In the context of the marketing mix, promotion
represents the various aspects of marketing
communication, that is, the communication of
information about the product with the goal of

generating a positive customer response. Marketing
communication decisions include:
• Promotional strategy (push, pull, etc.)
• Advertising
• Personal selling & sales force
• Sales promotions
• Public relations & publicity
• Marketing communications budget
Packaging also needs to be taken into consideration.

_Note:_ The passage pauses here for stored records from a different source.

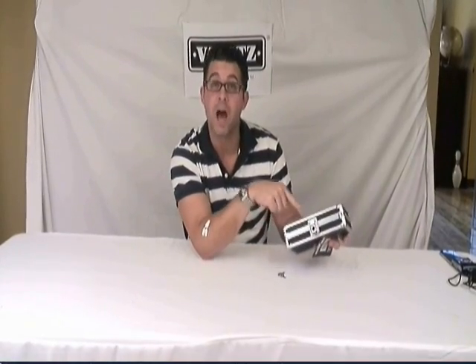It features a sturdy key lock to lock up the contents and keep those snooty co-workers or family members out of your stuff. It comes with a set of keys.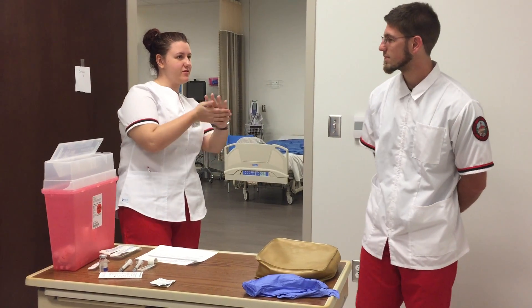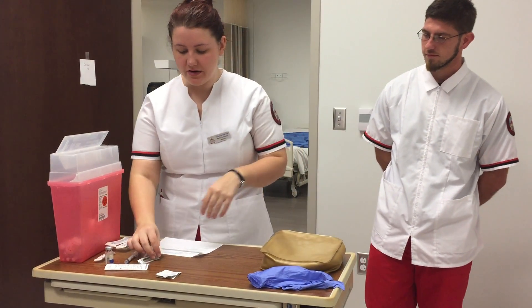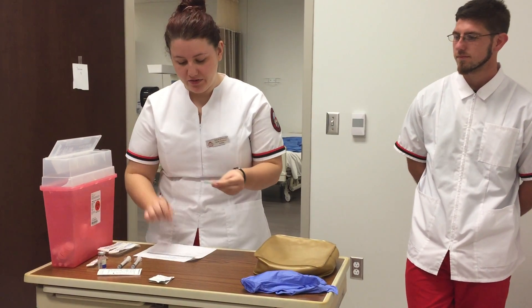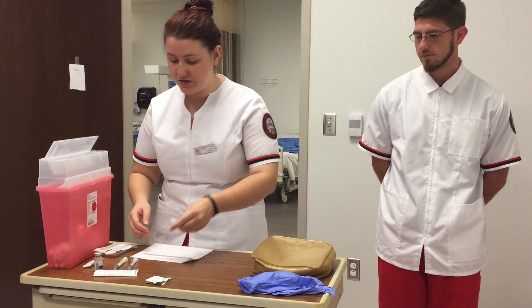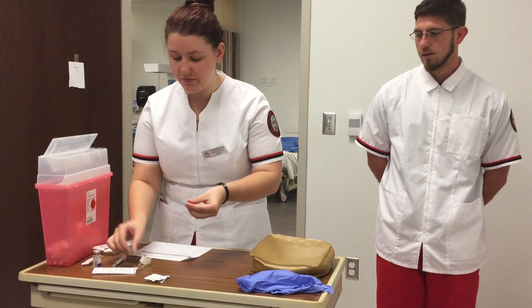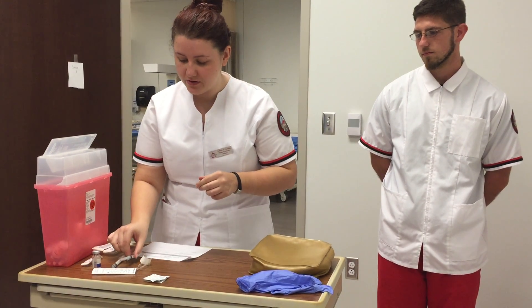Before we get started I'm going to perform hand hygiene. For the intramuscular injection, I'm going to be using a 20 to 23 gauge needle because I have 1.5 milliliters of medication to draw up, and I'm going to use a 1 to 3 milliliter syringe, which is appropriate for IM.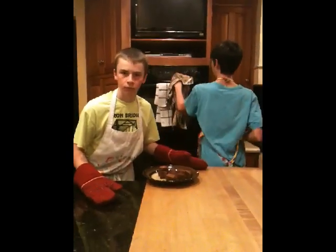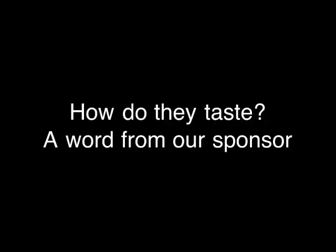Grants. OOVA! Tune in next episode to find out more!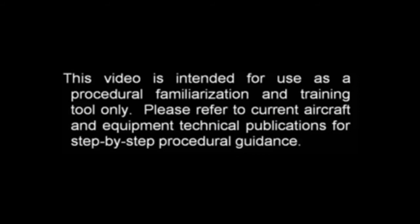This video is for training purposes only and should not be used as a replacement for any technical publication.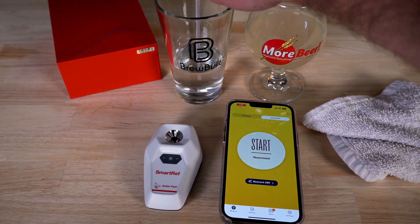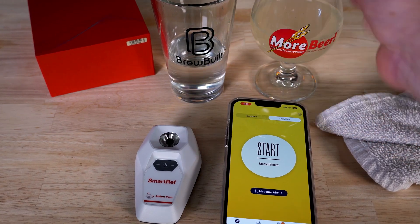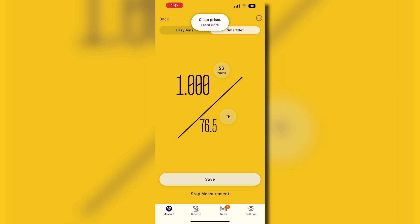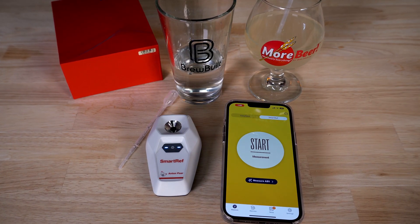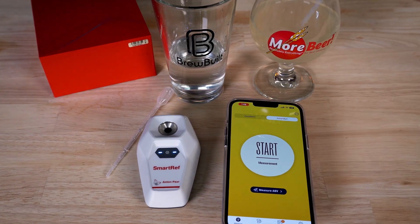Let's go ahead and take a measurement. First thing we're going to want to do is add a little distilled water and make sure it's reading zero. After you've taken off the water and dried the lens, you're ready to add whatever you're going to measure. In this case we're using wort, so we're going to add a little bit in there, hit start measure, and it's ready to take your measurement. It's that easy.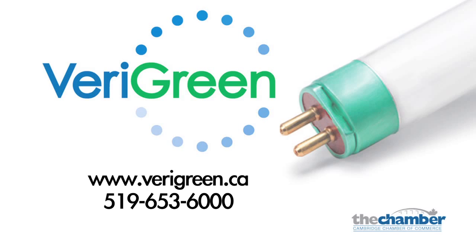Want to know more? Contact your area sales representatives and ask how your T5 self-ballasted solution can generate up to 85% more cash flow than T8.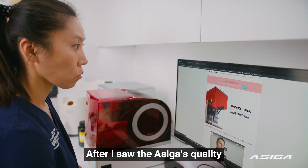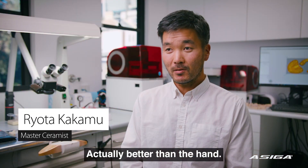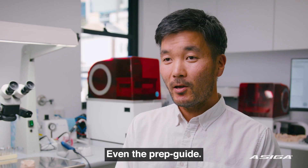After I saw the Asiga's quality, I realized — oh, that's the best thing, actually better than by hand. I printed everything in the Asiga Max UV: temporary crowns, even the prep guide.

Broadly defined, optimizing the marketing mix is the
primary responsibility of marketing. By offering the
product with the right combination of the four Ps
marketers can improve their results and marketing
effectiveness. Making small changes in the marketing
mix is typically considered to be a tactical
change.Parm Bains says Making large changes in any
of the four Ps can be considered strategic. For
example, a large change in the price, say from $19.00
to $39.00 would be considered a strategic change in
the position of the product. However a change of
$130 to $129.99 would be considered a tactical
change, potentially related to a promotional offer.
The term 'marketing mix' however, does not imply
that the 4P elements represent options. They are not
trade-offs but are fundamental marketing issues that
always need to be addressed. They are the

fundamental actions that marketing requires whether
determined explicitly or by default.